Question

An object is gently placed on a long converges belt moving with $11m{s}^{-1}$. If the coefficient of friction is $0.4$, then the block will slide in the belt up to a distance of

• A. $10.21m$
• B. $15.125m$
• C. $20.3m$
• D. $25.6m$

Answer 1

The correct option is B

$15.125m$

Step1: Given data.

Initial velocity, $u=11m{s}^{-1}$

Coefficient of friction, $\mu =0.4$

Step2: Find the distance covered by the block.

Formula used:

$v^2-u^2=2as$

Where $v$ is final velocity, $u$ is initial velocity, $a$ is acceleration, $s$ is distance.

$f_r=\mu mg$

Where $f_r$ is the frictional force, $m$ is the mass of the block, $g$ is the acceleration due to gravity.

Since,

We know that, retardation due to friction.

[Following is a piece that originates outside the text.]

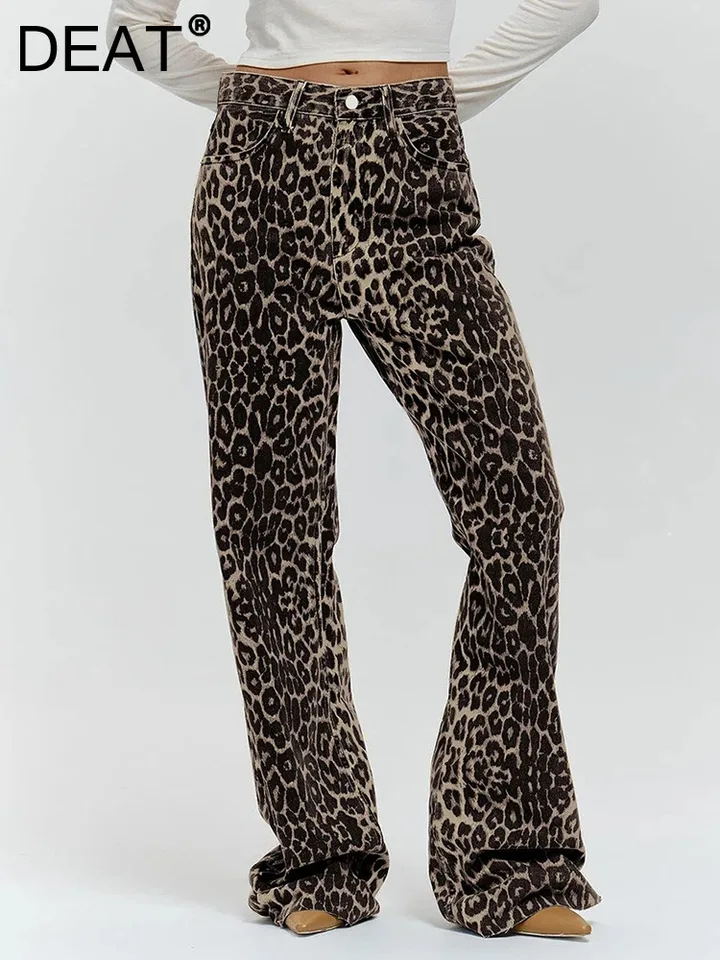 DEAT FASH MODE Dámske leopardové nohavice s nízkym pásom vreciek Cotton Slim Cele dĺžky na ulici Streetwear Flare Trouser Autumn 2025 Nový 7AB4753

$\Rightarrow$$a=\mu g$ $\left[\because f_r=m\alpha \right]$

$\Rightarrow$$a=0.4\times 9.8$ $\left[\because g=9.8\raisebox{1ex}{$m$}\!\left/ \!\raisebox{-1ex}{$s^2$}\right.\right]$

$\Rightarrow$$a=3.92m{s}^{-2}$ …..$\left(i\right)$

Since this is retardation therefore there will be a negative sign.

$a=-3.92m{s}^{-2}$

Now,

$v^2-u^2=2as$

$\Rightarrow$$0^2-{11}^2=2\times \left(-3.92\right)\times s$

$\Rightarrow$ $s=\raisebox{1ex}{$-121$}\!\left/ \!\raisebox{-1ex}{$-8$}\right.$

$\Rightarrow$ $s=15.433m\approx 15.125m$

Hence, option B is correct.